Лето медленно змеилось к концу. Каждый день становился чуточку короче, а из глубин Эммы поднималась паника.
Наконец, одним августовским вечером, сидя вместе с мистером Энглеторпом на железной скамейке, девочка собралась с мужеством.
– Мистер Энглеторп, а вы попросите доктора Агассиса, нельзя ли мне… нельзя ли мне ходить в его школу?
Перспектива променять волшебный сад на затхлую тишину холодных залов средь каменных стен, на влажное прикосновение пальцев к шее сзади, когда монахиня указывает тебе, куда идти, казалась невыносимой.
– Ну, разумеется! – торопливо заверил мистер Энглеторп, почувствовав приближение слез. – Не бойтесь, мисс Остервилль. По утрам вы будете заниматься в большом доме с остальными девочками. Вас будут учить тщательно выбранные многомудрые учителя, равно как и сам досточтимый доктор Луи Агассис. А во второй половине дня… ну, вы можете приходить в мое скромное жилище и учить меня всему, что узнали за день.
Эмма улыбнулась. Выходит, все улажено. Не в силах сдержаться, она запрыгала на месте и обняла мистера Энглеторпа.
– О, сэр, спасибо, спасибо!
– Сэр? – переспросил он, прищелкнув языком и погладив длинные каштановые волосы девочки. В этот миг она была благодарна судьбе за все, что случилось в ее жизни до сих пор – за все-все, – потому что не могла представить себе мира более совершенного, чем тот, в котором ей вскоре предстояло очутиться.
Однако оказалось, что ничего не улажено. Джозефина слегла с туберкулезом, и Эмме пришлось помогать в магазинчике, так что прошло целых полторы недели, прежде чем она смогла снова прийти в сад – ей это время показалось вечностью. Наконец, уговорив мать отпустить ее после обеда, девочка стрелой полетела на Куинси-стрит.
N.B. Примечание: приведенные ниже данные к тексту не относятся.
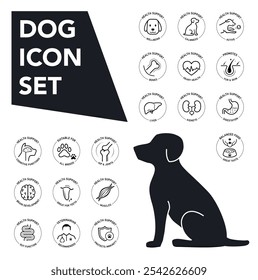 The main benefits from dogs balanced diet. The main advantages from a balanced food or supplement. Each icon is designed with lines and aesthetic, making them perfect for pet health products. EPS10.	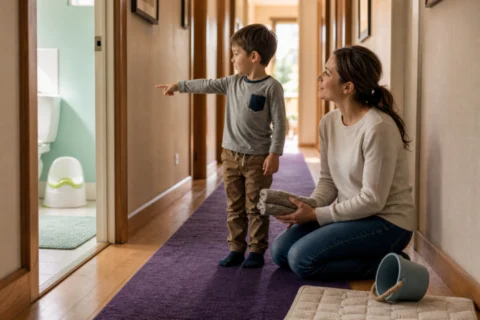 Fully clothed child points toward a bathroom potty while a kneeling caregiver listens with clean towels.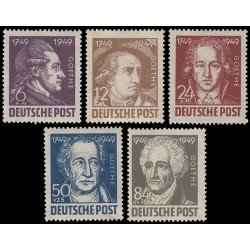 Alemania Oriental 52/56 1949 Emisiones Generales Bicentenario del nacimiento de Goethe MNH Alemania Oriental 52/56 1949 Emisiones Generales Bicentenario del nacimiento de Goethe MNH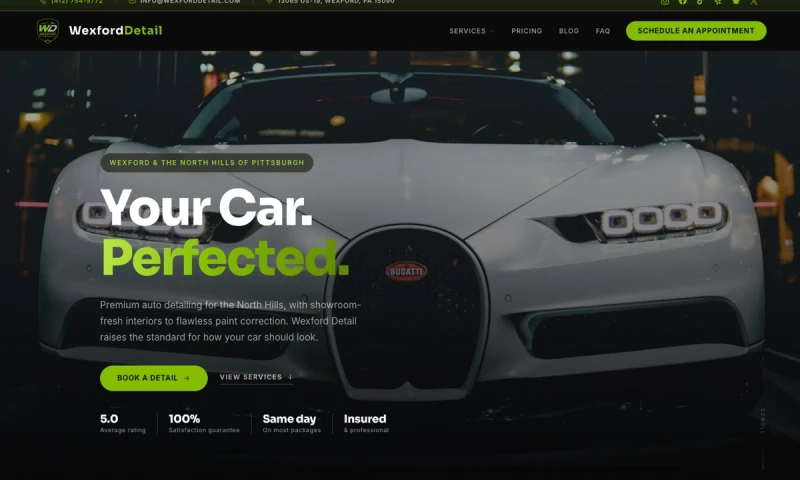 Pittsburgh Digital Marketing Agency - Auto detailing website for Wexford Detail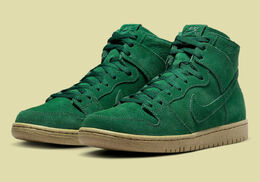 Nike: Зелёные кроссовки SB Dunk High Pro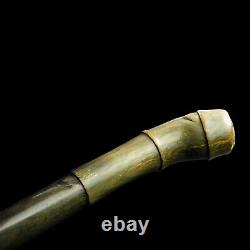 Antique Bovine Horn Walking Stick Cane Carved Segmented Mother of Pearl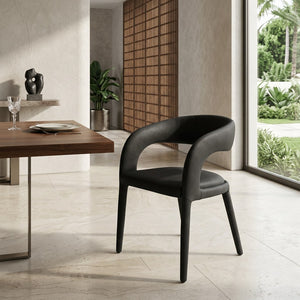 Faerron - Modern Black Leatherette Dining Chair — view 4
Подойдя к каретному сараю, она обнаружила, что дверь открыта.
– Эй? – окликнула она. Ответа не было.
Девочка робко зашла внутрь. Мистер Энглеторп, бледный и встрепанный, сидел за письменным столом и что-то яростно писал. Никогда еще она не видела его в таком состоянии. На краткий миг она даже испугалась, а вдруг он тоже подхватил туберкулез, как Джозефина – вдруг весь мир внезапно свалился с одной и той же ужасной болезнью. Во рту у нее пересохло.
Она стояла посреди кабинета и молча ждала. Мистер Энглеторп остановился, собрался было снова начать писать, потом отложил перо.
– Он просто сошел с ума! Как может такой… – Он перевел взгляд на Эмму. – Я старался.
– О чем вы? – не поняла она. – Вы больны?
– Милая моя девочка. – Мистер Энглеторп покачал головой. – Он сказал, все классы заполнены. Имей в виду, я ему не верю. Не верю ни единому слову, что он говорит. Я попросил его в самый разгар… пререканий об этой, этой… ужасно недальновидно с моей стороны, и мне очень жаль. Очень, очень жаль.
– О чем вы? – повторила Эмма. Руки у нее ослабели.
– Конечно, если хочешь, можешь все равно приходить сюда после уроков…
Остального Эмма уже не слышала. Выбежав из сада, она промчалась мимо стайки девочек, о чем-то тихо щебечущих на крыльце школы. Они удивленно уставились на нее, потом засмеялись. Это было уже чересчур. Пролетев по тихим тропкам Гарвард-ярда, Эмма выскочила в суету площади, уворачиваясь от конок и разносчиков. Она уже не сдерживала слез, и они ручьем текли по щекам, капали за воротник и собирались в розовых кружевных оборках на платье.
Она поклялась, что больше никогда не вернется в этот сад.
Занятия в Сомервилльской семинарии для девочек начались на следующей неделе. Школа оказалась даже хуже, чем Эмме запомнилось по прошлому году. Лето, полное новых знаний и настоящих научных открытий (мистер Энглеторп назвал ее именем вид орхидей, Aerathes ostervilla!), сменилось нудными лекциями престарелых сестер-монашек, которым, судя по всему, было и самим неинтересно, о чем там они бубнят.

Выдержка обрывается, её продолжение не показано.